Question :
8.4 Trade Between Countries
1) If a nation a net importer : 1377414
8.4 Trade Between Countries
1) If a nation is a net importer it means that the:
A) nation only imports goods and services and does not export any good.
B) nation only imports those goods in which it has an absolute disadvantage.
C) nation’s imports are worth more than exports over a given period of time.
D) nation prohibits the import of goods and services that can be produced domestically.
The following table shows the value of exports and imports of four countries in 1990.
Country
Exports (billion dollars)
Imports (billion dollars)
A
23,000
21,000
B
15,000
17,000
C
26,000
30,000
D
12,000
11,000
2) Refer to the table above. Which of the following statements is true?
A) Country A is a net importer.
B) Country B is not a net importer.
C) Country C is a net importer.
D) Country D is a net importer.
3) Refer to the table above. Which of the following statements is true?
A) Country A and country C are net importers.
B) Country A and country D are net importers.
C) Country D and country C are net importers.
D) Country C is a net importer while country A is not.
4) Refer to the table above.

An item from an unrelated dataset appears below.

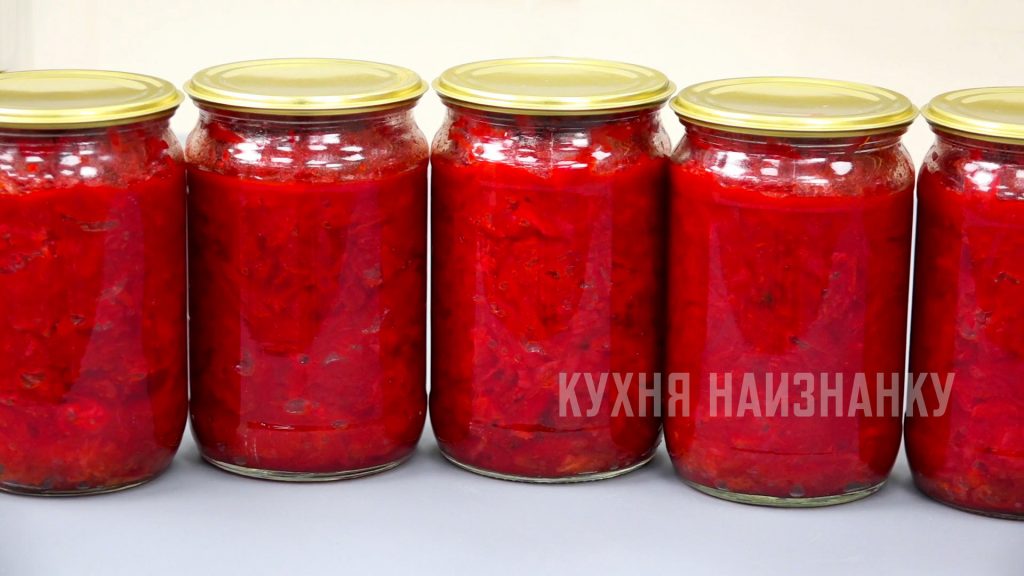 Борщ с капустой на зиму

Which of the following statements is true?
A) Country D is not a net importer.
B) Country A and country B are net importers.
C) Country C and country D are not net importers.

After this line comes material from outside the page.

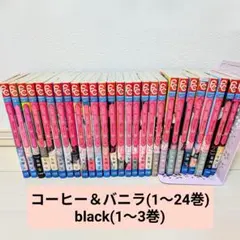 2025年最新】コーヒー バニラ 漫画 セットの人気アイテム - メルカリ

D) None of the four countries is a net importer.
5) Which of the following statements is true of the U.S.?
A) Trade between states in the U.S. values more than its international trade.
B) The U.S. has always been a net exporter of goods and services.
C) The U.S. exports more crude oil than it imports.
D) The level of imports of the U.S. has dramatically decreased since 1960.
6) Which of the following statements is true?
A) The growth rate of manufactured exports from the U.S. exceeded the growth rate of manufactured goods from China in the early 2000s.
B) The U.S. economy has failed to meet the demand for manufactured goods domestically.
C) U.S. exports are worth more than its imports.
D) The import of crude oil by the U.S. has been declining since 1960.
7) If a country is a price-taker for a good in the world market, ________.
A) its consumption and production decisions of the good plays a key role in determining world prices
B) its consumption and production decisions of the good does not affect the world prices
C) its demand for the good remains the same irrespective of changes in the world prices
D) it is the only exporter of the good in the world market
8) Fair trade products consist of goods:
A) that are usually imported from the developing nations.
B) the production of which involves child labor.
C) that are available in all countries across the globe.
D) that are exported only by the developed nations.
9) Free trade refers to the ability:
A) of the developing countries to make payments for imports of goods at the end of every year.
B) to trade without hindrance or encouragement from the government.
C) of the developed countries to set the world prices of most goods and services.
D) of the developed countries to provide financial aid to the developing nations.
10) A world price of a good:
A) is the lowest price for which the good is available in any country in the world.
B) is the price prevailing in the country with the highest production of the good.
C) is equal to lowest opportunity cost of producing the good in any country in the world.
D) is the prevailing price of the good on the global market.